2023-09-25 Thread Pingfan Liu
paca_ptrs should be large enough to hold the boot_cpuid, hence, its
lower boundary is set to the bigger one between boot_cpuid+1 and
nr_cpus.

On the other hand, some kernel component: -1. the timer assumes cpu0
online since the timer_list->flags subfield 'TIMER_CPUMASK' is zero if
not initialized to a proper present cpu.  -2. power9_idle_stop() assumes
the primary thread's paca is allocated.

Hence lift nr_cpu_ids from one to two to ensure cpu0 is onlined, if the
boot cpu is not cpu0.

Result:
When nr_cpus=1, taskset -c 14 bash -c 'echo c > /proc/sysrq-trigger'
the kdump kernel brings up two cpus.
While when taskset -c 4 bash -c 'echo c > /proc/sysrq-trigger',
the kdump kernel brings up one cpu.

Signed-off-by: Pingfan Liu 
Cc: Michael Ellerman 
Cc: Nicholas Piggin 
Cc: Christophe Leroy 
Cc: Mahesh Salgaonkar 
Cc: Wen Xiong 
Cc: Baoquan He 
Cc: Ming Lei 
Cc: ke...@lists.infradead.org
To: linuxppc-dev@lists.ozlabs.org
---
 arch/powerpc/kernel/paca.c | 10 ++
 arch/powerpc/kernel/prom.c |  9 ++---
 2 files changed, 12 insertions(+), 7 deletions(-)

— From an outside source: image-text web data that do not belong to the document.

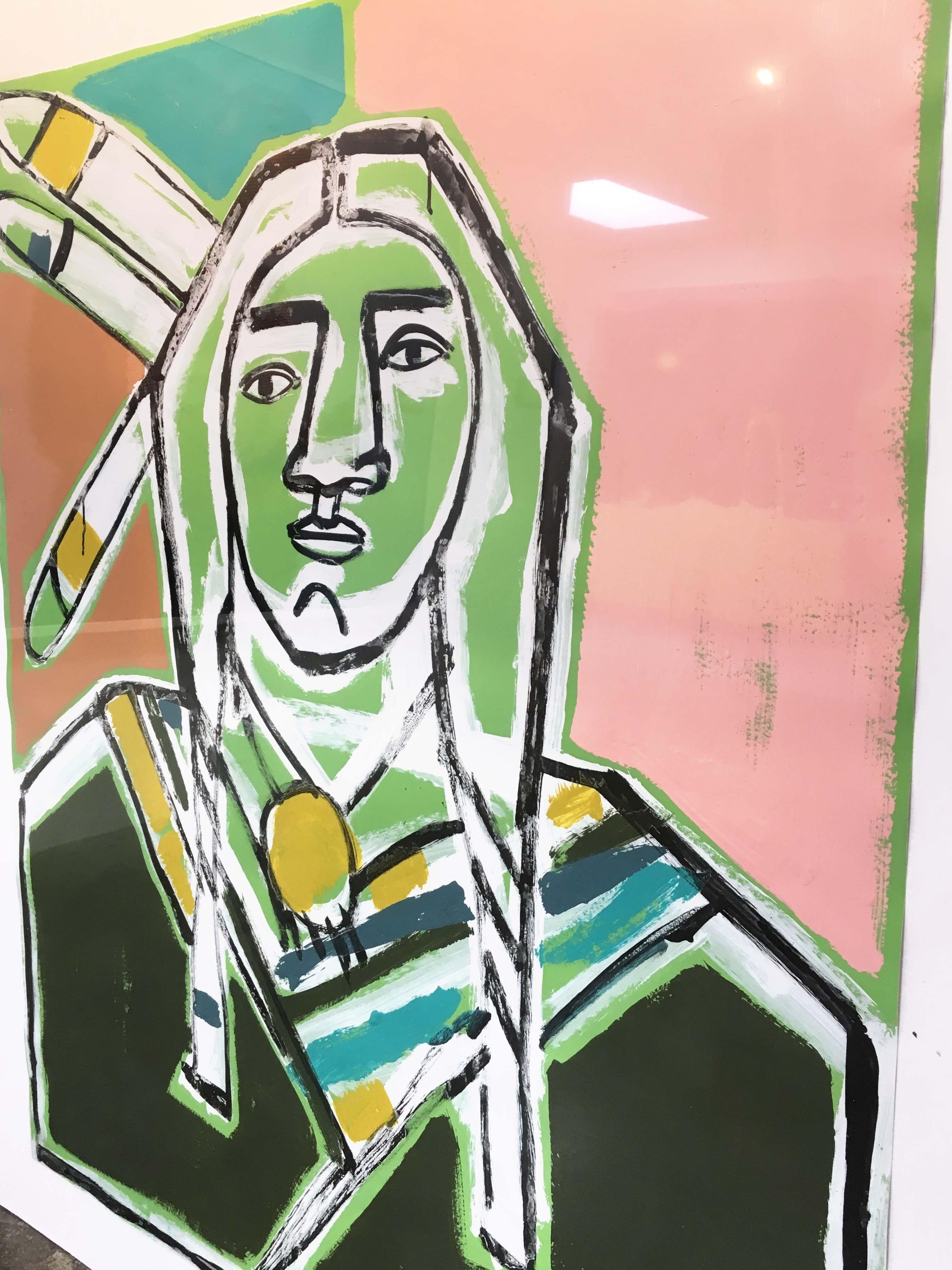 Three Feathers, America Martin-Figurative, Native American Portrait- Pink &Green 4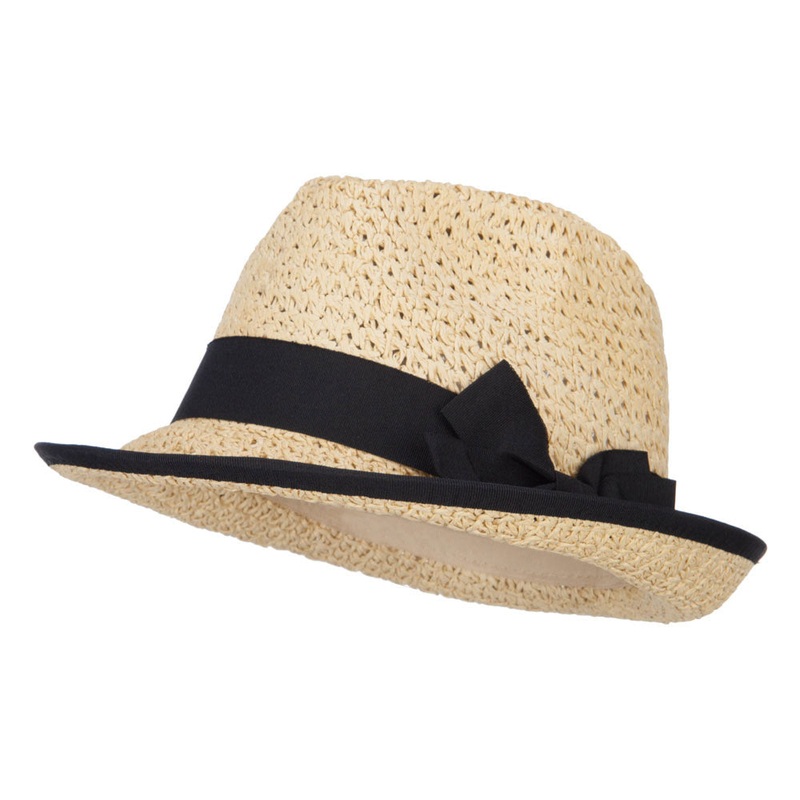 Women’s Bow Accent Toyo Braid Fedora Tan One Size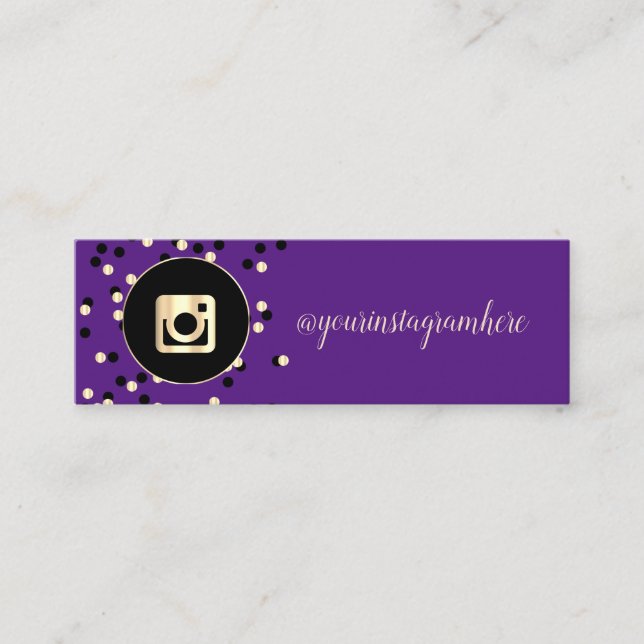 Einfache moderne Violette, Punkte, Gold-Instagramm Mini Visitenkarte (Vorderseite)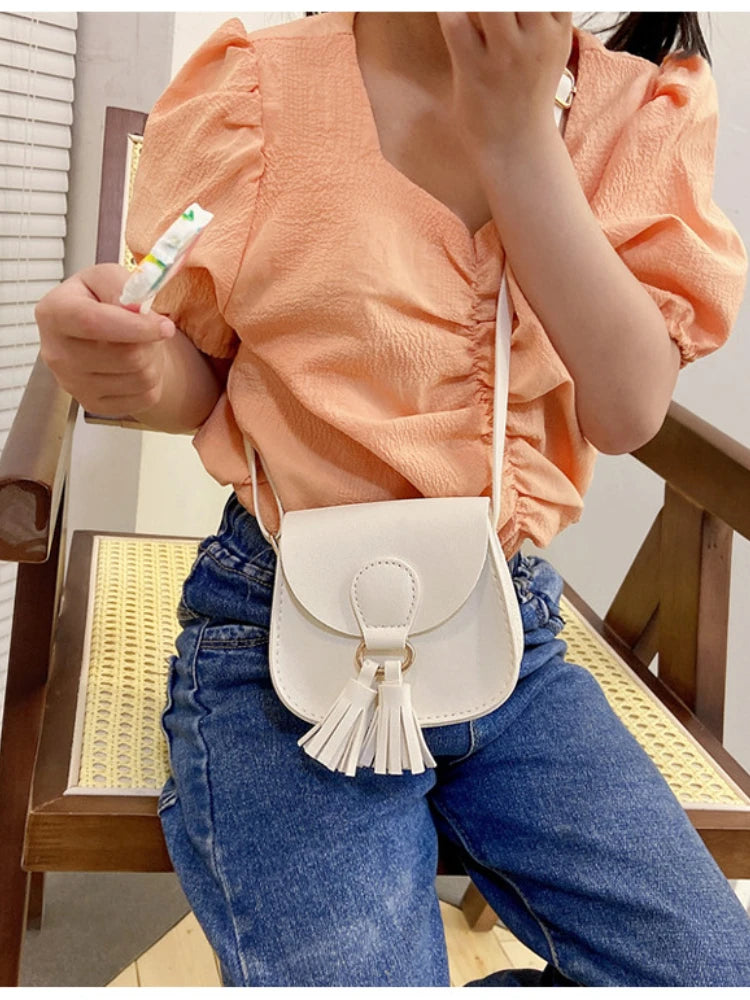 Kids Coin Purse Handbags Girls Tassel Crossbody Bags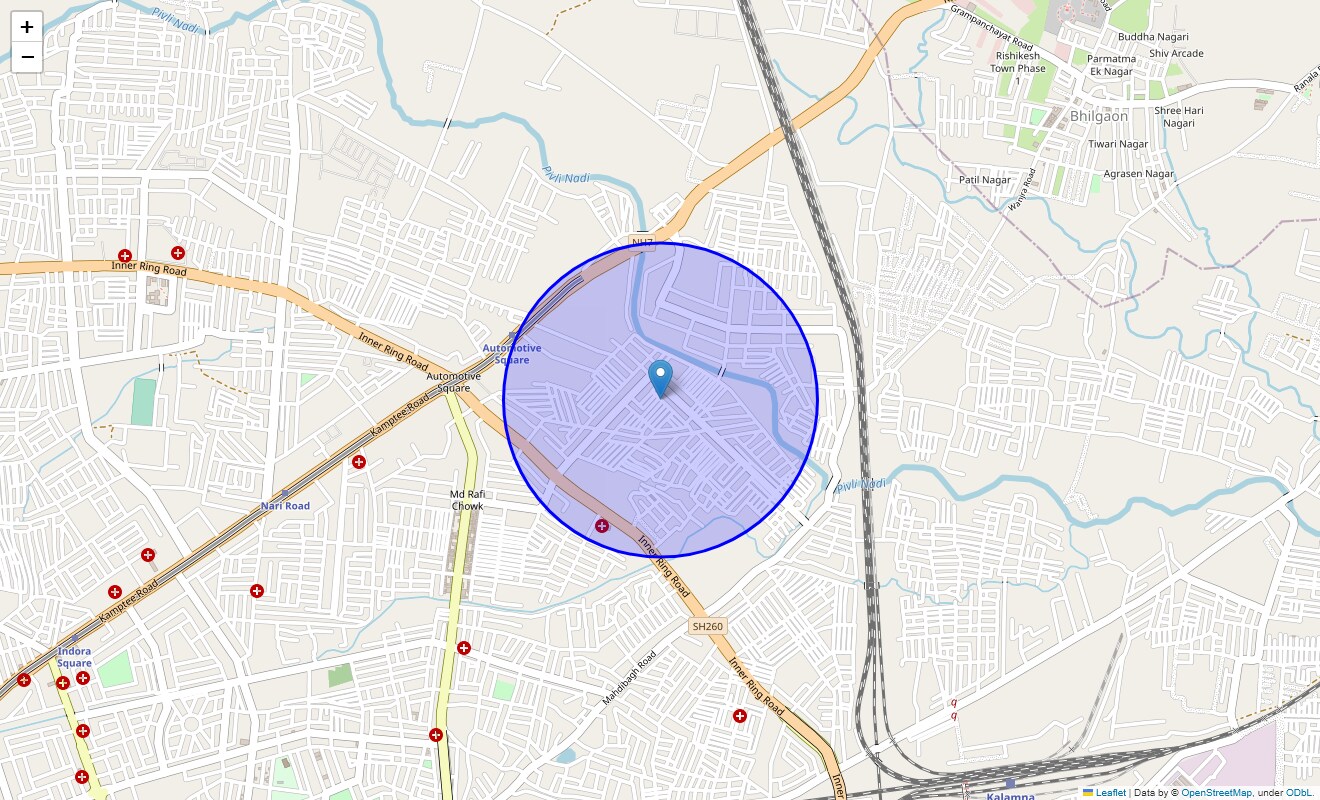 Location Map of Sidharth Nagar, Nagpur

diff --git a/arch/powerpc/kernel/paca.c b/arch/powerpc/kernel/paca.c
index cda4e00b67c1..91e2401de1bd 100644
--- a/arch/powerpc/kernel/paca.c
+++ b/arch/powerpc/kernel/paca.c
@@ -242,9 +242,10 @@ static int __initdata paca_struct_size;
 
 void __init allocate_paca_ptrs(void)
 {
-   paca_nr_cpu_ids = nr_cpu_ids;
+   int n = (boot_cpuid + 1) > nr_cpu_ids ? (boot_cpuid + 1) : nr_cpu_ids;
 
-   paca_ptrs_size = sizeof(struct paca_struct *) * nr_cpu_ids;
+   paca_nr_cpu_ids = n;
+   paca_ptrs_size = sizeof(struct paca_struct *) * n;
paca_ptrs = memblock_alloc_raw(paca_ptrs_size, SMP_CACHE_BYTES);
if (!paca_ptrs)
panic("Failed to allocate %d bytes for paca pointers\n",
@@ -287,13 +288,14 @@ void __init allocate_paca(int cpu)
 void __init free_unused_pacas(void)
 {
int new_ptrs_size;
+   int n = (boot_cpuid + 1) > nr_cpu_ids ? (boot_cpuid + 1) : nr_cpu_ids;
 
-   new_ptrs_size = sizeof(struct paca_struct *) * nr_cpu_ids;
+   new_ptrs_size = sizeof(struct paca_struct *) * n;
if (new_ptrs_size < paca_ptrs_size)
memblock_phys_free(__pa(paca_ptrs) + new_ptrs_size,
   paca_ptrs_size - new_ptrs_size);
 
-   paca_nr_cpu_ids = nr_cpu_ids;
+   paca_nr_cpu_ids = n;
paca_ptrs_size = new_ptrs_size;
 
 #ifdef CONFIG_PPC_64S_HASH_MMU
diff --git a/arch/powerpc/kernel/prom.c b/arch/powerpc/kernel/prom.c
index 87272a2d8c10..15c994f54bf9 100644
--- a/arch/powerpc/kernel/prom.c
+++ b/arch/powerpc/kernel/prom.c
@@ -362,9 +362,12 @@ static int __init early_init_dt_scan_cpus(unsigned long 
node,
 */
boot_cpuid = i;
found = true;
-   /* This works around the hole in paca_ptrs[]. */
-   if (nr_cpu_ids < nthreads)
-   set_nr_cpu_ids(nthreads);
+   /*
+* Ideally, nr_cpus=1 can be achieved if each kernel
+* component does not assume cpu0 is onlined.
+*/
+   if (boot_cpuid != 0 && nr_cpu_ids < 2)
+   set_nr_cpu_ids(2);
}
 #ifdef CONFIG_SMP
/* logical cpu id is always 0 on UP kernels */
-- 
2.31.1